Faith & Science Icon Faith & Science

On Science, Morality, and Wonder, an Atheist Rebukes Other Atheists

David Klinghoffer

atheists

I’ve ordered (from the library; sorry!) the latest from atheist philosopher John Gray, Seven Types of Atheism, in which among other things he dissects the New Atheists. Peter Hitchens delightfully reviews the book for the journal Modern Age.

On evolution and morality:

This brief, dry, droll book contains many enjoyable mockeries of various earnest and ridiculous (and failed) attempts to create substitutes for religion, from Auguste Comte to Ayn Rand, who seems to have turned smoking into a sort of sacrament. Even more enjoyably, Gray teases those who try to build a morality on evolution by natural selection, pointing out how that theory has been used in the past to justify what its modern supporters would rightly denounce as appalling racial bigotry and perhaps worse than that. He reminds us of T. H. Huxley’s typically clear-eyed and undeceived warning that evolution “is incompetent to furnish any better reason why what we call good is preferable to what we call evil than we had before.”

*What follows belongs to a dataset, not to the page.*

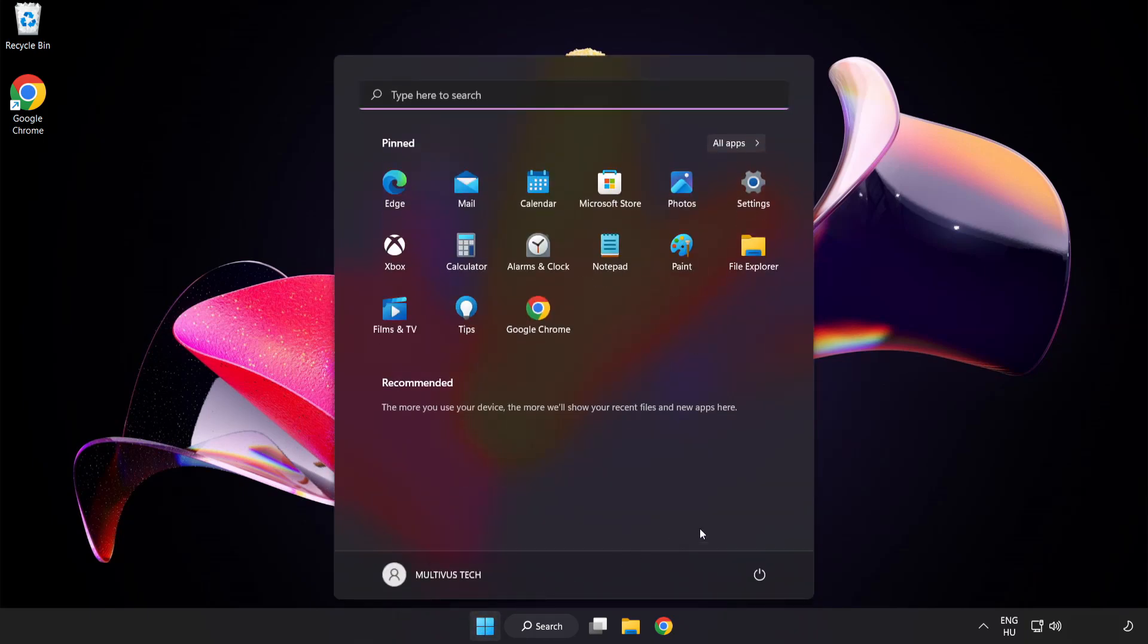Restart your PC. Problem solved. Like and subscribe.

A Child in a Great Library

Hitchens cites a wonderful image from Einstein. This is worth reading:

I think Professor Gray is pretty free of the illusions of modern liberal atheism. Because he has a genuinely original and questioning mind, he seems to me to demonstrate a certain fondness for a sort of pantheism, close to Albert Einstein’s agreeably modest refusal to endorse atheism because it is so banal.

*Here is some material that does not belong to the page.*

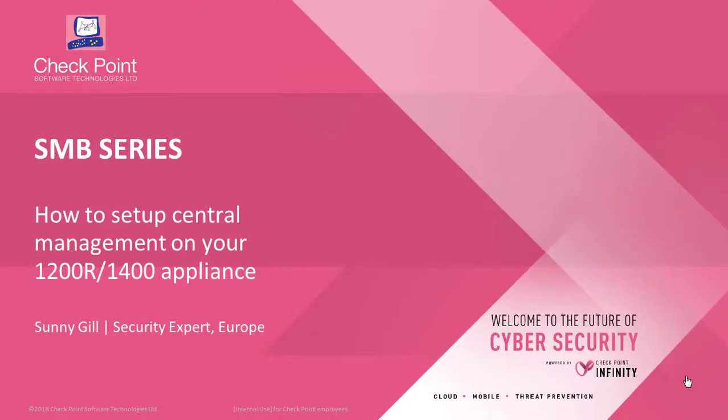In this quick tutorial, I'm going to show you how to set your Checkpoint SMB Appliance, whether that's a 1200R or 1400 series appliance, into a central management deployment.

I myself love Einstein’s words because they demolish the assumption that scientific knowledge somehow mandates atheism, or that atheism is the only reasonable consequence of cosmic knowledge. I quote them here because they are not nowadays widely known, and they are greatly relevant to any serious discussion of this matter. In an interview published in George Sylvester Viereck’s book Glimpses of the Great, published in 1930, Einstein responded to a question about whether he defined himself as a pantheist:

“Your question is the most difficult in the world. It is not a question I can answer simply with yes or no. I am not an Atheist. I do not know if I can define myself as a Pantheist. The problem involved is too vast for our limited minds. May I not reply with a parable? The human mind, no matter how highly trained, cannot grasp the universe. We are in the position of a little child, entering a huge library whose walls are covered to the ceiling with books in many different tongues. The child knows that someone must have written those books. It does not know who or how. It does not understand the languages in which they are written. The child notes a definite plan in the arrangement of the books, a mysterious order, which it does not comprehend, but only dimly suspects. That, it seems to me, is the attitude of the human mind, even the greatest and most cultured, toward God. We see a universe marvellously arranged, obeying certain laws, but we understand the laws only dimly. Our limited minds cannot grasp the mysterious force that sways the constellations. I am fascinated by Spinoza’s Pantheism. I admire even more his contributions to modern thought. Spinoza is the greatest of modern philosophers, because he is the first philosopher who deals with the soul and the body as one, not as two separate things.”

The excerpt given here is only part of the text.